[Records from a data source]
::::::::
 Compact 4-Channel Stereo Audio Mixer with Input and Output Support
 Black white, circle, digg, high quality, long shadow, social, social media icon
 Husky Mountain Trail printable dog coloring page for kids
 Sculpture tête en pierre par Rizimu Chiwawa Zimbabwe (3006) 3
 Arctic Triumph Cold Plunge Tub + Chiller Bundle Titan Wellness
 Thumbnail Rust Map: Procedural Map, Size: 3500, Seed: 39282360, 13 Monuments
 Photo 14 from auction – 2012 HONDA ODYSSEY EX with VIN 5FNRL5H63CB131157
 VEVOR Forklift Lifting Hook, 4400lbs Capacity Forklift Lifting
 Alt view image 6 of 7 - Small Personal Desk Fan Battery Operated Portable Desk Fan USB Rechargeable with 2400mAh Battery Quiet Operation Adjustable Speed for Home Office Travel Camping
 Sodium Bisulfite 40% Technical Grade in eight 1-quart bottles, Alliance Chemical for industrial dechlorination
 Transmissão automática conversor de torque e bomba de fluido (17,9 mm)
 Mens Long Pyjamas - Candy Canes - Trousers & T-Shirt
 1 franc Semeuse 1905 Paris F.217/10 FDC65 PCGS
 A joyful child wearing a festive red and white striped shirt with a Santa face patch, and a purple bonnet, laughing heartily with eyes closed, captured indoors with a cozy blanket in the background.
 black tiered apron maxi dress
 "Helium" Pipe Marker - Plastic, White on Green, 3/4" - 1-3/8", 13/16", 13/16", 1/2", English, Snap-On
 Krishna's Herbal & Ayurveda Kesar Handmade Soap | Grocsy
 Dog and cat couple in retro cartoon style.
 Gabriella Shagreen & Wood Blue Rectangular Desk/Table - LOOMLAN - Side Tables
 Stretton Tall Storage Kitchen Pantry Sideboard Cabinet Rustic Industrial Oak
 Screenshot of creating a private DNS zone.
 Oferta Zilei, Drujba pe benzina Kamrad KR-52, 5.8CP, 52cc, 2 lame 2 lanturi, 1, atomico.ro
::::::::
WORK ITEM | Retype, exactly as written, each line from the one that has "Krishna's Herbal &" to the bottom of the entries above, and include both of those lines.

ANSWER TO THE EXERCISE |
 Krishna's Herbal & Ayurveda Kesar Handmade Soap | Grocsy
 Dog and cat couple in retro cartoon style.
 Gabriella Shagreen & Wood Blue Rectangular Desk/Table - LOOMLAN - Side Tables
 Stretton Tall Storage Kitchen Pantry Sideboard Cabinet Rustic Industrial Oak
 Screenshot of creating a private DNS zone.
 Oferta Zilei, Drujba pe benzina Kamrad KR-52, 5.8CP, 52cc, 2 lame 2 lanturi, 1, atomico.ro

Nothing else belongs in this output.